■ **What to work on**:
For this exercise, transcribe all the entries exactly as given and omit the images.

■ **Exercise material**:

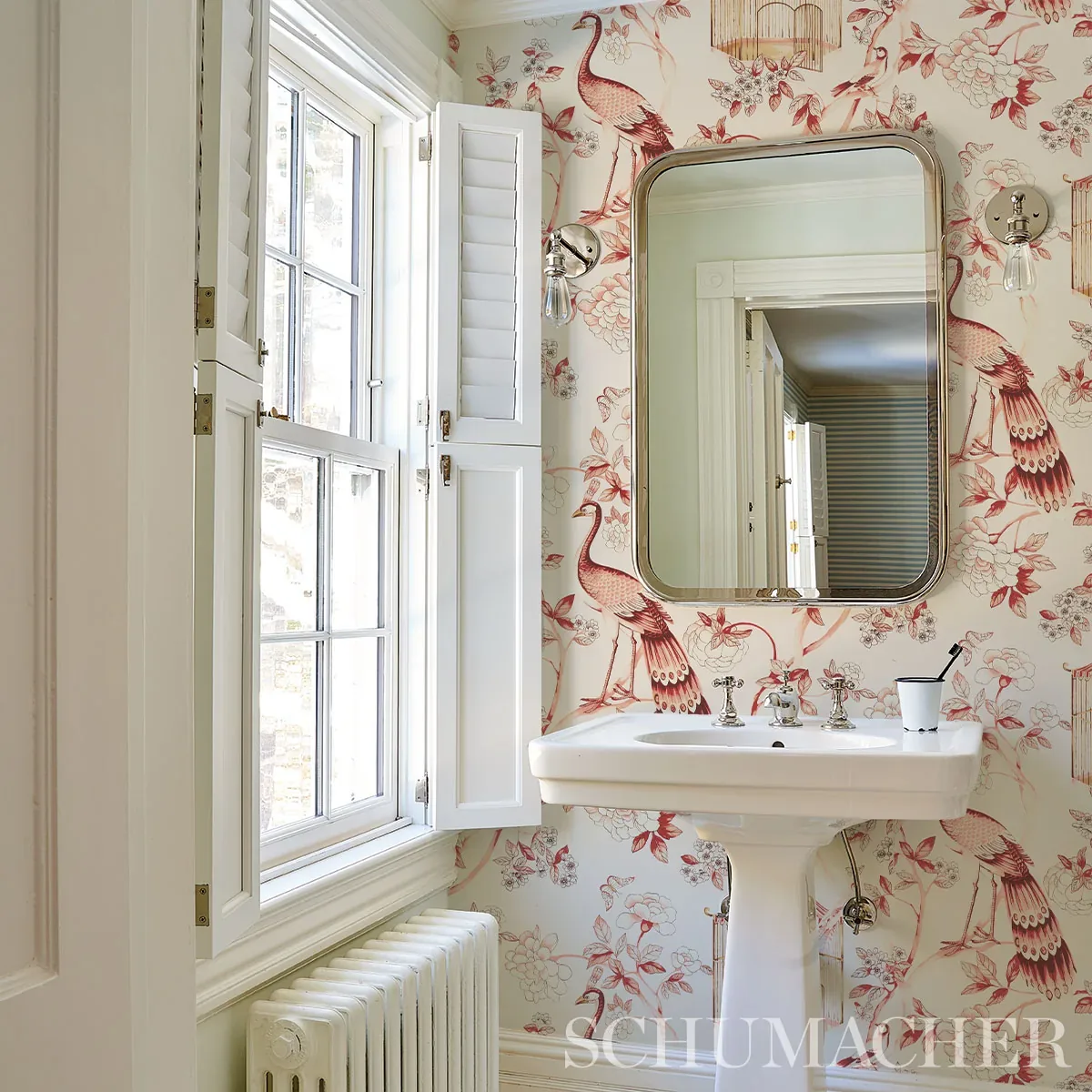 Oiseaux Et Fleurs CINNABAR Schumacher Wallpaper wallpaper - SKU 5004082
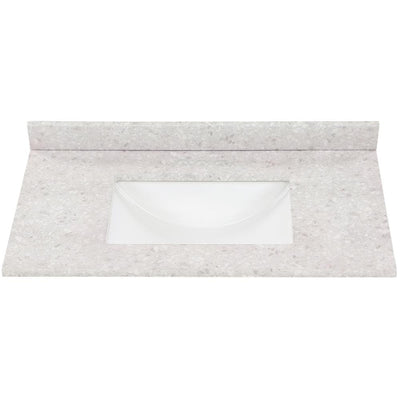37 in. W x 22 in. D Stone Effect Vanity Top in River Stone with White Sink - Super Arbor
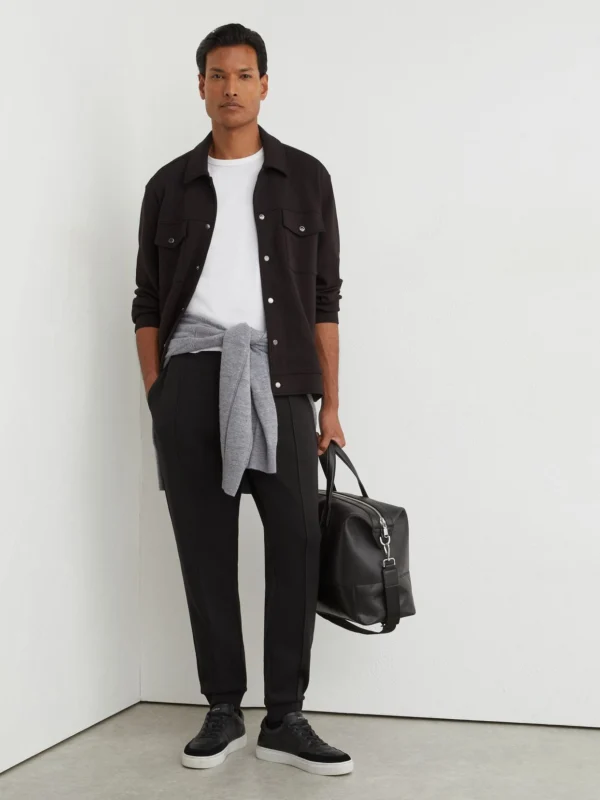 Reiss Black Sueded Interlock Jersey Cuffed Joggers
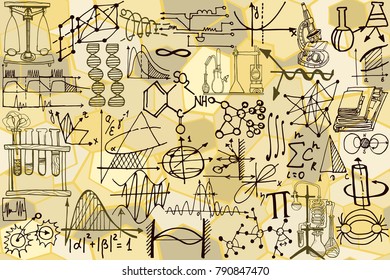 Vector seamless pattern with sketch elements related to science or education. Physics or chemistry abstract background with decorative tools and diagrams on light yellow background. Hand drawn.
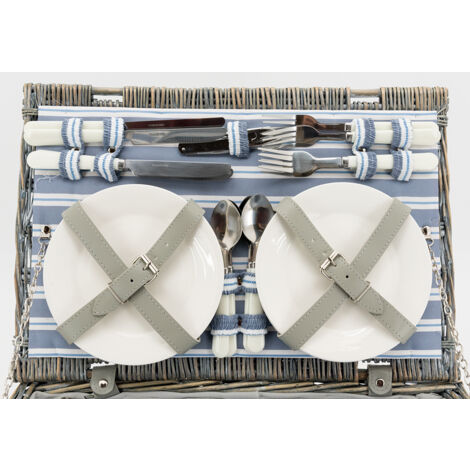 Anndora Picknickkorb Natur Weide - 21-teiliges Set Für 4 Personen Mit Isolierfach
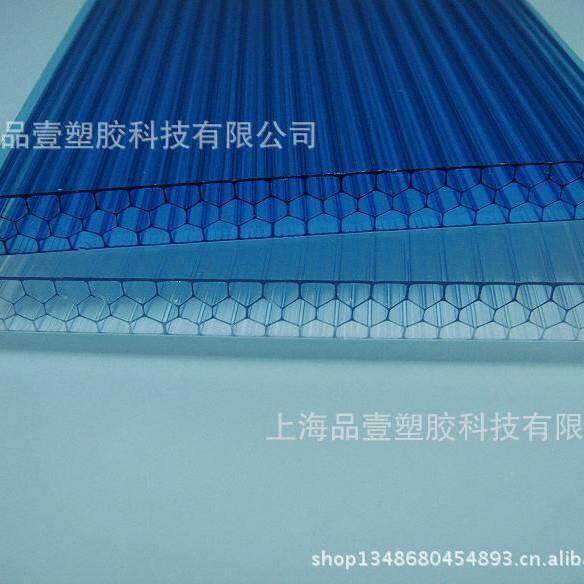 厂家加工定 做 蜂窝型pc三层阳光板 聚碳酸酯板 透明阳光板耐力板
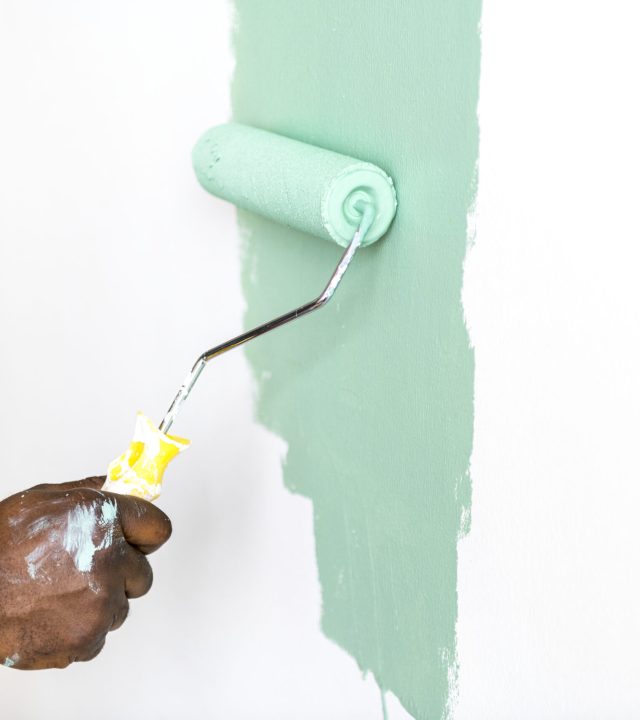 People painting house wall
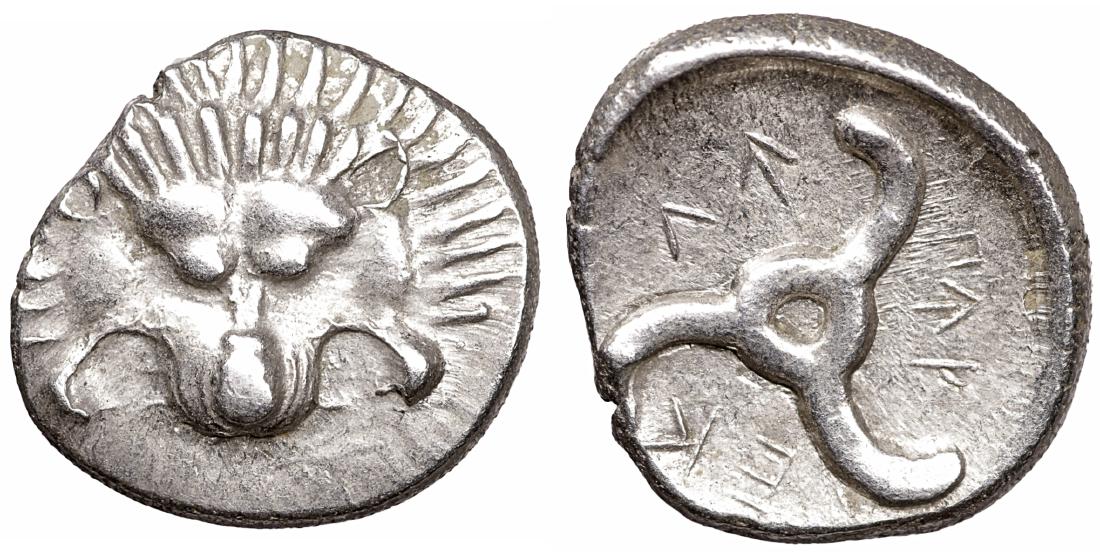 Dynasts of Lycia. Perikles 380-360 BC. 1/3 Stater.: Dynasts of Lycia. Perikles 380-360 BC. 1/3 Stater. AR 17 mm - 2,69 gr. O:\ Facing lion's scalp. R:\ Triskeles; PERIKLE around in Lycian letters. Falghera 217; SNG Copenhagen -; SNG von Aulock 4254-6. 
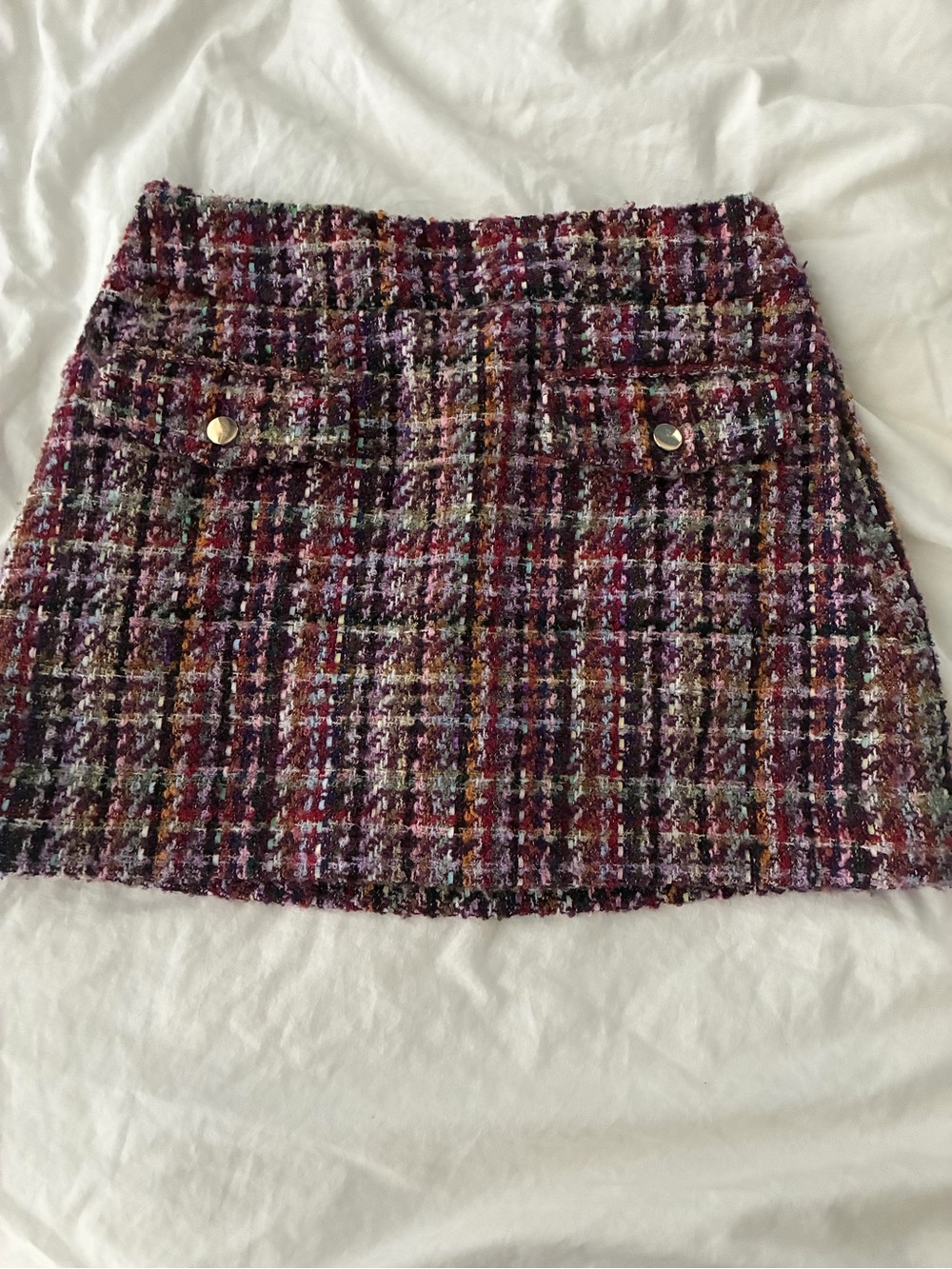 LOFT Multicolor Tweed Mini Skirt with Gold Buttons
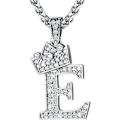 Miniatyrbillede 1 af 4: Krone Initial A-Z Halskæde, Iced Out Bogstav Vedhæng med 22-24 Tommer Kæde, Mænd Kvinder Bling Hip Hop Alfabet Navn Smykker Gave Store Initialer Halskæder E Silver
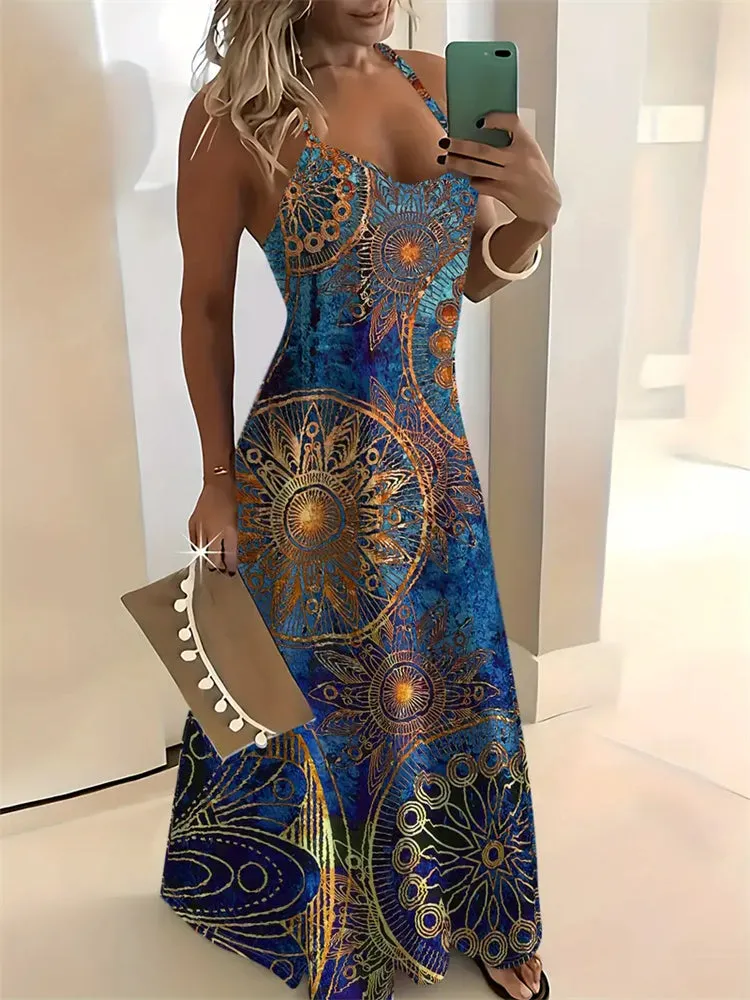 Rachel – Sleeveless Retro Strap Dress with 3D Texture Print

■ **Exercise response**:
 Oiseaux Et Fleurs CINNABAR Schumacher Wallpaper wallpaper - SKU 5004082
37 in. W x 22 in. D Stone Effect Vanity Top in River Stone with White Sink - Super Arbor
 Reiss Black Sueded Interlock Jersey Cuffed Joggers
 Vector seamless pattern with sketch elements related to science or education. Physics or chemistry abstract background with decorative tools and diagrams on light yellow background. Hand drawn.
 Anndora Picknickkorb Natur Weide - 21-teiliges Set Für 4 Personen Mit Isolierfach
 厂家加工定 做 蜂窝型pc三层阳光板 聚碳酸酯板 透明阳光板耐力板
 People painting house wall
 Dynasts of Lycia. Perikles 380-360 BC. 1/3 Stater.: Dynasts of Lycia. Perikles 380-360 BC. 1/3 Stater. AR 17 mm - 2,69 gr. O:\ Facing lion's scalp. R:\ Triskeles; PERIKLE around in Lycian letters. Falghera 217; SNG Copenhagen -; SNG von Aulock 4254-6. 
 LOFT Multicolor Tweed Mini Skirt with Gold Buttons
 Miniatyrbillede 1 af 4: Krone Initial A-Z Halskæde, Iced Out Bogstav Vedhæng med 22-24 Tommer Kæde, Mænd Kvinder Bling Hip Hop Alfabet Navn Smykker Gave Store Initialer Halskæder E Silver
 Rachel – Sleeveless Retro Strap Dress with 3D Texture Print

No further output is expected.